What I agree with is that Korea in fact quickly recovered, and so did Malaysia. Malaysia's downturn was the shortest and the shallowest. Malaysia had no IMF program.

And capital controls.

And they had capital controls. As a result of that, they were left with less debt than any of the other countries. Korea recovered quite quickly, largely because they did not follow the dictates of the IMF. The IMF said, "Get rid of your chip industry." It was the recovery of the chip industry that led to Korea's recovery. If the problems in Korea had been anywhere near the nature of the structural problems that the IMF had said, do you believe that in six or seven months, the country could have recovered like that? Clearly not.

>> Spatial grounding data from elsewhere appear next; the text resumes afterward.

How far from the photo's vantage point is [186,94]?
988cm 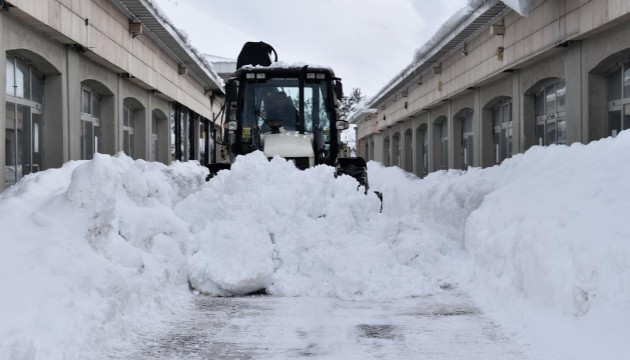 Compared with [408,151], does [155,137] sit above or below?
above

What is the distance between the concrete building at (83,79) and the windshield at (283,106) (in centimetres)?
208

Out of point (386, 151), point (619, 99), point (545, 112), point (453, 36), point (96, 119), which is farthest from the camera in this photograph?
point (386, 151)

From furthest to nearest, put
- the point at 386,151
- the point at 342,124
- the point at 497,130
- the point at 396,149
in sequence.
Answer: the point at 386,151 < the point at 396,149 < the point at 497,130 < the point at 342,124

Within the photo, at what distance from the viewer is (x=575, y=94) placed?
520 inches

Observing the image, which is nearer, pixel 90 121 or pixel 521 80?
pixel 90 121

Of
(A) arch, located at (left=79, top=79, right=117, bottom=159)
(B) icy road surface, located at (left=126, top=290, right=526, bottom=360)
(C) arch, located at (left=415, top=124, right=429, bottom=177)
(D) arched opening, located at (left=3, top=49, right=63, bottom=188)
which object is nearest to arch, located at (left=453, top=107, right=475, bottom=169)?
(C) arch, located at (left=415, top=124, right=429, bottom=177)

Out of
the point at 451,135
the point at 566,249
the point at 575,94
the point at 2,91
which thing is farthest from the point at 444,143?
the point at 566,249

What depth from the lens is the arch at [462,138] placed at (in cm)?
2412

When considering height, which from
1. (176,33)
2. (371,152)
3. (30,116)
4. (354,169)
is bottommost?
(354,169)

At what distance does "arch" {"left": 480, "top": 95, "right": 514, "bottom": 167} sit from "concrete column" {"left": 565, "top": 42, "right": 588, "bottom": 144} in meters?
5.36

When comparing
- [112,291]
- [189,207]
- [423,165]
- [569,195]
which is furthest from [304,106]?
[423,165]

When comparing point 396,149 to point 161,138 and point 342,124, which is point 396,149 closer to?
point 161,138

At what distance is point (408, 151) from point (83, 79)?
23927 mm

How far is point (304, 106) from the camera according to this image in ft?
40.4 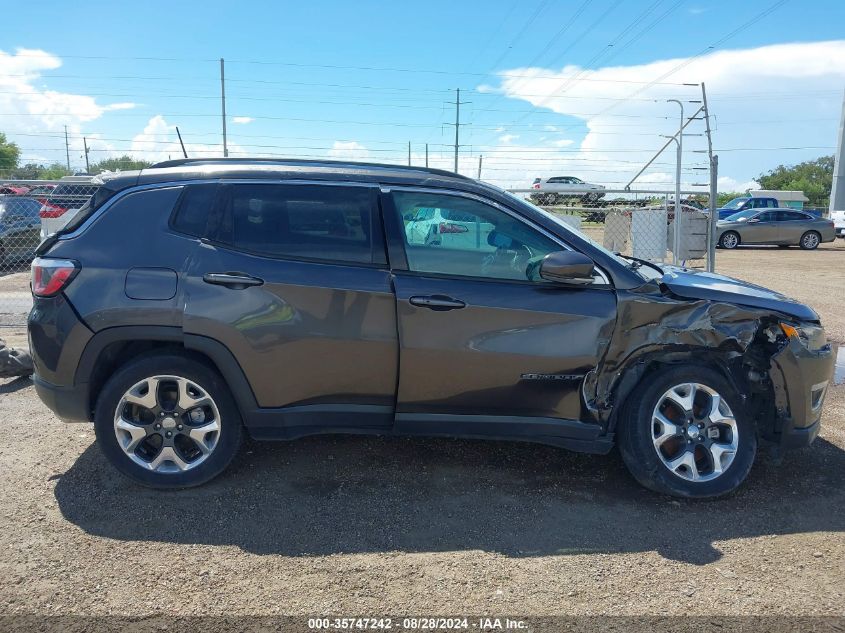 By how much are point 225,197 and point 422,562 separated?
7.68 ft

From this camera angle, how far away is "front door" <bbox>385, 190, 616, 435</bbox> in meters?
3.96

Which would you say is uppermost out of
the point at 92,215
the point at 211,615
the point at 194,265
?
the point at 92,215

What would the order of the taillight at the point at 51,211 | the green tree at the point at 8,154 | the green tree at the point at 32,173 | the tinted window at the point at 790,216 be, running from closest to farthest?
1. the taillight at the point at 51,211
2. the tinted window at the point at 790,216
3. the green tree at the point at 32,173
4. the green tree at the point at 8,154

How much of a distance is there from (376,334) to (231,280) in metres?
0.87

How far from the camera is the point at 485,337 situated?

On the other hand, Thailand, the country that was the best student of the IMF, is just getting back to its income before the crisis. And Indonesia is still not back. The fact is that the IMF policies, its excessively contractionary policies, and its cutting off of food subsidies just at the critical point, led to the political and social turmoil that had such a devastating effect. So the political and social turmoil are to a large extent of the IMF's making, and it can't simply say, "Oh, those are problems that weren't due to us." It helped create that situation.

Your former boss at the World Bank, James Wolfensohn, praised Cuba a little while ago for its success in social indicators. Do you share his evaluation, and what do you think is behind that?

I think Cuba has done a great deal for education and health, and what it has shown is that it is possible, even in a very poor country, to have a pro-poor growth strategy that improves health and education. And the failure to do that is simply because there has not been enough emphasis on these very important social dimensions of economic policy.

But the fact that Cuba has nothing to do with the IMF, and is not under the influence of international capital markets - is that one of the reasons they're able to do these things?

Well, I think that there are other countries that have taken other policies that have shown other ways of becoming independent. For instance, China has also emphasized education a great deal, and has not had an IMF program, and has had the fastest record of economic growth, and

And isolated from world capital markets.

Well, that's a very interesting example, because they have not opened themselves to the short-term capital flows, the speculative capital flows that have brought with it instability. But they have invited foreign direct investment in, the kind of investment that leads to job creation and long-term economic growth. So that is an example of taking advantage of globalization, but on their own terms. And it's the countries that have followed willy-nilly the advice of the IMF that have wound up suffering.

click to download audio vesion of this closing Q&A

Ok, what is to be done? The IMF is more widely recognized as a disaster. What kind of rejiggering of the institutional architecture would serve the poor better?

One of the aspects of globalization is that the countries of the world are today more integrated; they're more independent. With more interdependence, there is greater need for collective action, and a greater need as a result for international institutions to regulate, in one way or another, trade, finance, to provide humanitarian assistance. The problem is that some of the institutions we have are not democratic, they're not transparent. They reflect special interests within the advanced industrial countries. They do not represent the concerns of the poor and the developing countries. I used to say that since we are going to need these institutions, it is better to reform them than to start from scratch. I'm beginning to have second thoughts. I'm beginning to ask: has the credibility of the IMF been so eroded that maybe it's better to start from scratch? Is the institution so resistant to learning to change, to becoming a more democratic institution, that maybe it is time to think about creating some new institutions that really reflect today's reality, today's greater sense of democracy. When the IMF was founded more than 50 years ago, most of the developing countries were still colonies; we had a fixed exchange-rate system. The world has changed enormously, and perhaps, now, some 50 years afterwards, it's really time to re-ask the question: should we reform, or should we build from the start?